This literature review notes that the evidence base on tax and livelihoods in low-income rural areas – particularly those affected by fragility and conflict – is extremely thin. However, the evidence it reviews suggests that, in many developing country contexts, a variety of forms of taxation take place at once. These involve multiple actors, operate at formal and informal levels, and are accorded varying degrees of legitimacy by the population on which they are levied. The paper suggests a broad definition of taxation, which captures both its formal and informal dimensions: all payments – whether cash or in kind, including labour time – that are made as a result of the exercise of political power, social sanction or armed force (as opposed to market exchange).

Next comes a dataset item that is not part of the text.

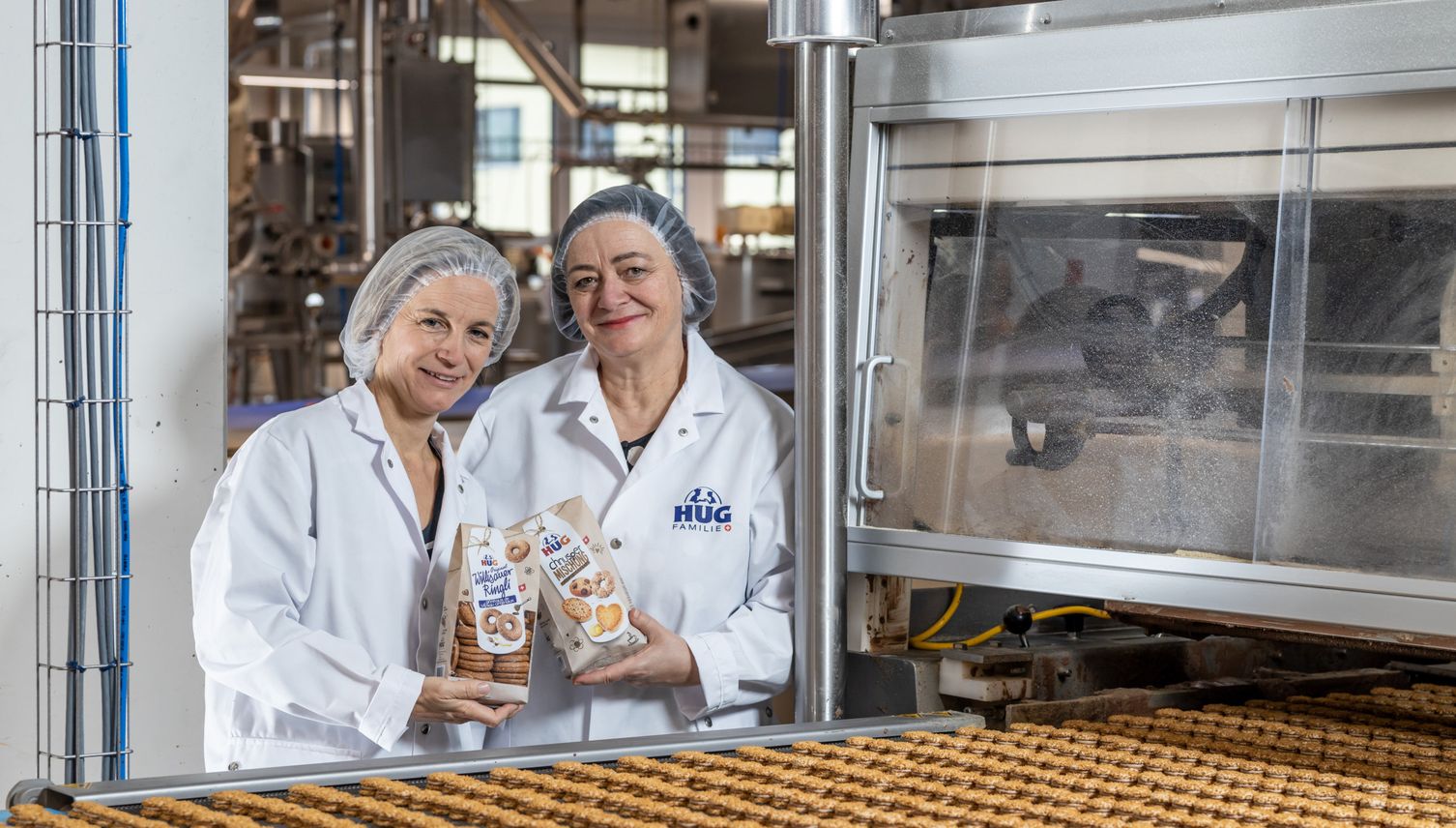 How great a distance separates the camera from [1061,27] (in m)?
1.63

Empirical research from eastern DRC, Uganda, Nepal, Afghanistan and elsewhere shows that taxation broadly conceptualised can undermine the economic activity of small traders, substantially reduce household incomes, and entrench the vulnerable position of low-income groups relative to higher-income groups. Returns on tax may not be seen or enjoyed by the payer – something which may, in turn, have important ramifications for governance relationships and processes of state-building. Further research is needed to explore these problems.

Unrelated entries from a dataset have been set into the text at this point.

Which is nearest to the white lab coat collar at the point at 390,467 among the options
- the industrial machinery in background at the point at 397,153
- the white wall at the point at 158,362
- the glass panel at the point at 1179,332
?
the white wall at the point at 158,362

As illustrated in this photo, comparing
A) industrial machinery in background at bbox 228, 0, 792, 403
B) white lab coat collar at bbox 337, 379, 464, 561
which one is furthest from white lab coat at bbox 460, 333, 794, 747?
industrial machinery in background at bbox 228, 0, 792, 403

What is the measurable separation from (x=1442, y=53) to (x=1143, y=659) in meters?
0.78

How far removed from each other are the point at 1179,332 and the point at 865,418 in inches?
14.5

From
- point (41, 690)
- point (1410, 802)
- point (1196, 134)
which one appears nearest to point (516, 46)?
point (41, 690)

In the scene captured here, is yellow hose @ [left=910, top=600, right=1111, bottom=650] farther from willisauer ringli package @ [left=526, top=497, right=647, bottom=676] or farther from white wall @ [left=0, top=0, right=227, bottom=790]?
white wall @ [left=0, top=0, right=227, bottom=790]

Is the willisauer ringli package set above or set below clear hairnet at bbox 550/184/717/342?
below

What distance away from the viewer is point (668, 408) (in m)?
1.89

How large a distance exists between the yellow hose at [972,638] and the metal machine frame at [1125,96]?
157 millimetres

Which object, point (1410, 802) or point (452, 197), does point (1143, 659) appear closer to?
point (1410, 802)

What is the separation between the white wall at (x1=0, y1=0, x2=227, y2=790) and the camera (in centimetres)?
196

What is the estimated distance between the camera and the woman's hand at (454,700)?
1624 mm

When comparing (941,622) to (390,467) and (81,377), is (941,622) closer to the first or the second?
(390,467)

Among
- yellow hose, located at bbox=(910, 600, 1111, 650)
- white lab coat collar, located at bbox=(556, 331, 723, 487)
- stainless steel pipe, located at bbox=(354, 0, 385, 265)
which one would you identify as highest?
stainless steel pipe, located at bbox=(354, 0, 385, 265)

A focus on taxation could encourage consideration of what people in fragile and conflict-affected situations have to spend to access services, travel to and from towns, and run businesses. A better understanding of how taxation works at the local level – and an examination of whether extractive state activities could be better linked to service provision – may also contribute to debates around governance and state-building in fragile and conflict-affected situations. The effects of predatory state behaviour may be just as, if not more, significant in shaping state-society relations than the effects of supportive behaviour and actions. Similarly, the inability or unwillingness of states to regulate extractive behaviour by other actors may be perceived and understood as a visible failure of authority.